Monitoring. Intelligence is heavily influenced by the way you monitor the world around you. How subjectively or objectively you interpret things—how much information you bring to each situation and how much information you seek—how alert and tuned in you are—how effectively you see and observe and hear and listen and feel and read. Sherlock Holmes—the fictional detective—monitored the world around him intelligently and was therefore highly effective at what he did.

Knowledge base. An extensive and continually updated knowledge base is a prerequisite to intelligence and intelligent living. The more extensive and updated your knowledge base the greater your reference base and therefore the more quickly new information will fall into place and become integrated.

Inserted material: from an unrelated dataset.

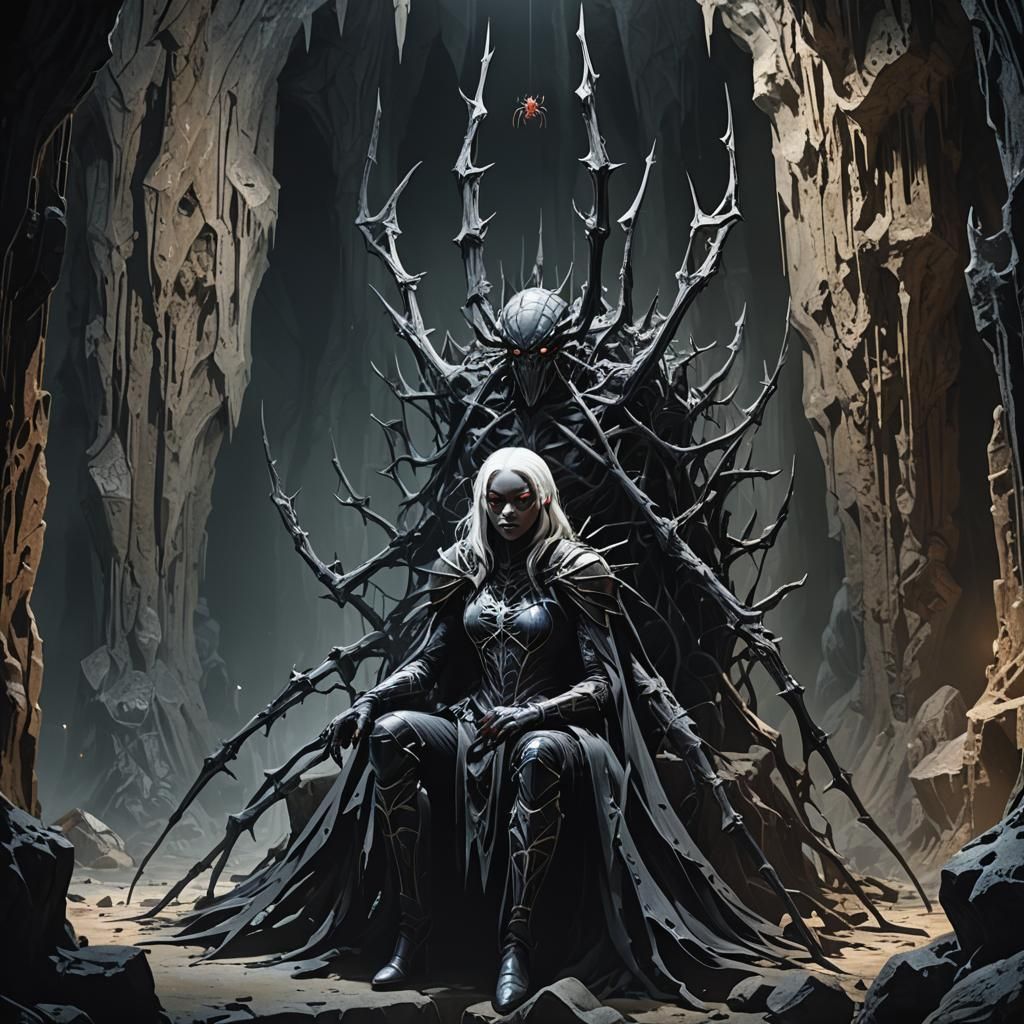 Drider on Web-Throne in Stone Cathedral
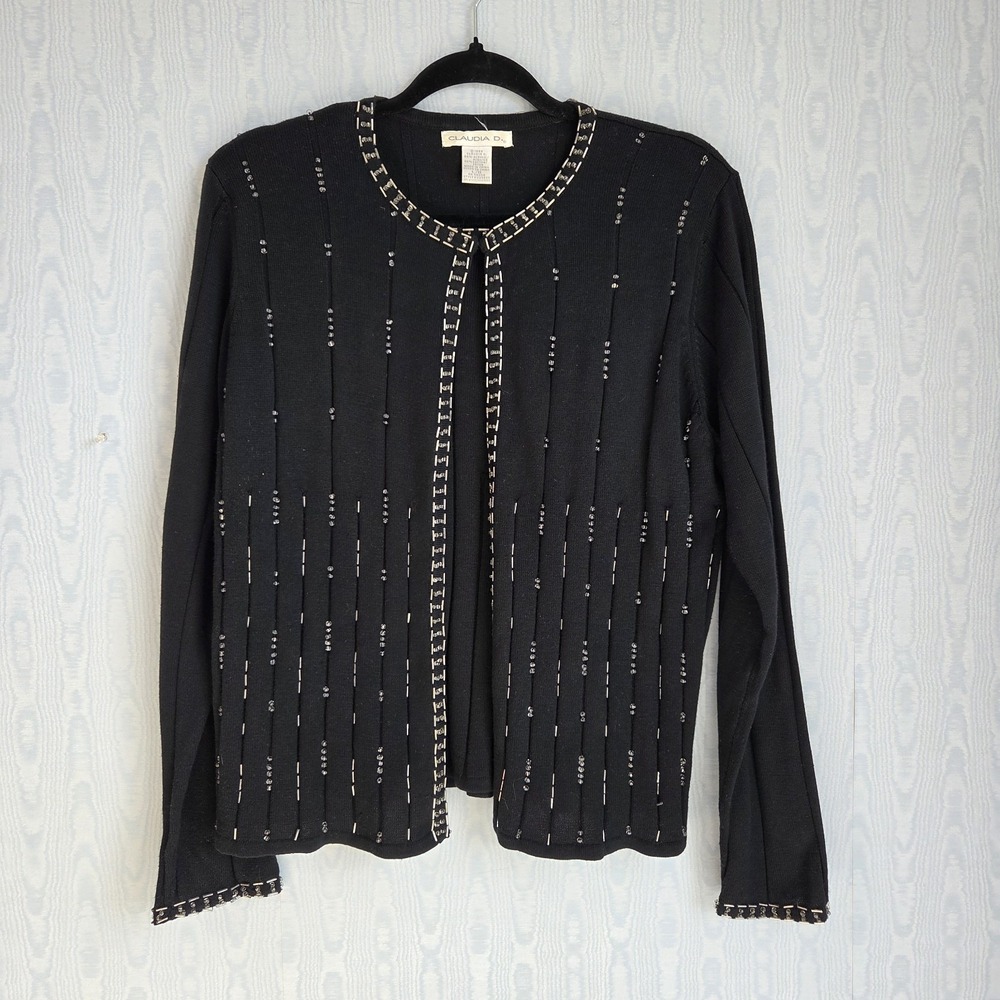 Vtg Claudia D Womens Beaded Sweater L Black‎ Ribbed Layered Retro Elegant Mature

When an information base is shallow or closed off new information will not find a reference base to fit in and therefore it is less likely that you will have the information-assist to act intelligently.

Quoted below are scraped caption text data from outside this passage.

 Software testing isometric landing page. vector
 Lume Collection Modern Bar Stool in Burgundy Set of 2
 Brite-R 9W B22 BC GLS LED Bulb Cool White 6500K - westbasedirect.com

Information-process. As noted earlier taking in a mass of information is one thing. Processing the information is quite another. Information trickles down an elaborate sieve of personal prejudices and hardened ideas. As a rule the more fluid the knowledge base the better the information-process. The more granitelike the ideas you carry the poorer the processing of new information.

Feedback. People who do not actively seek feedback—in whatever they do and with whomever they interact—are disconnected and under-informed and therefore likely to act unintelligently. Ask yourself: How much feedback do I continually seek and obtain from my parents— children—lovers—spouse—students—employees—colleagues— clients—friends—others? People who only talk and seldom listen obtain very little feedback. The more questions you ask the more feedback you obtain.

Playback. How accurately do you playback events? Studies have shown that one week after exposure most people tend to remember:

—Around 10% of what they read.

—Around 20% of what they hear.

—Around 30% of what they see.

—Around 50% of what they see and hear.

Memory fade-out continues in ensuing weeks and months. Eventually very little is retained. Why? —Memory degradation.

—Selective editing (squelching and rearranging information to suit our emotional needs).

Imagine if you had an onbody audio/visual recorder to register events (conversations—meetings—sights—etc.) for later playback and study. Your intelligence would continually benefit from a powerful assist.

Simulation. How thoroughly do you think things through? "What if I try this approach. What if I try the other approach. What if . . . What if . . ." We all automatically test out options all the time. The critical factor is how rigorously or sloppily we think things through. Because we do not carefully think ahead we often produce unintelligent results. Psychopaths are extreme examples of people who do poor simulation —never thinking ahead or considering consequences of their actions.



Error correction. Most people automatically playback a situation that went bad. But how often do you sit down to examine exactly what went wrong? The result: poor fault-isolation and the tendency to repeat errors.

We all deploy these component parts of our intelligence automati­cally. The level of intelligence depends largely on how well these processes operate individually and jointly.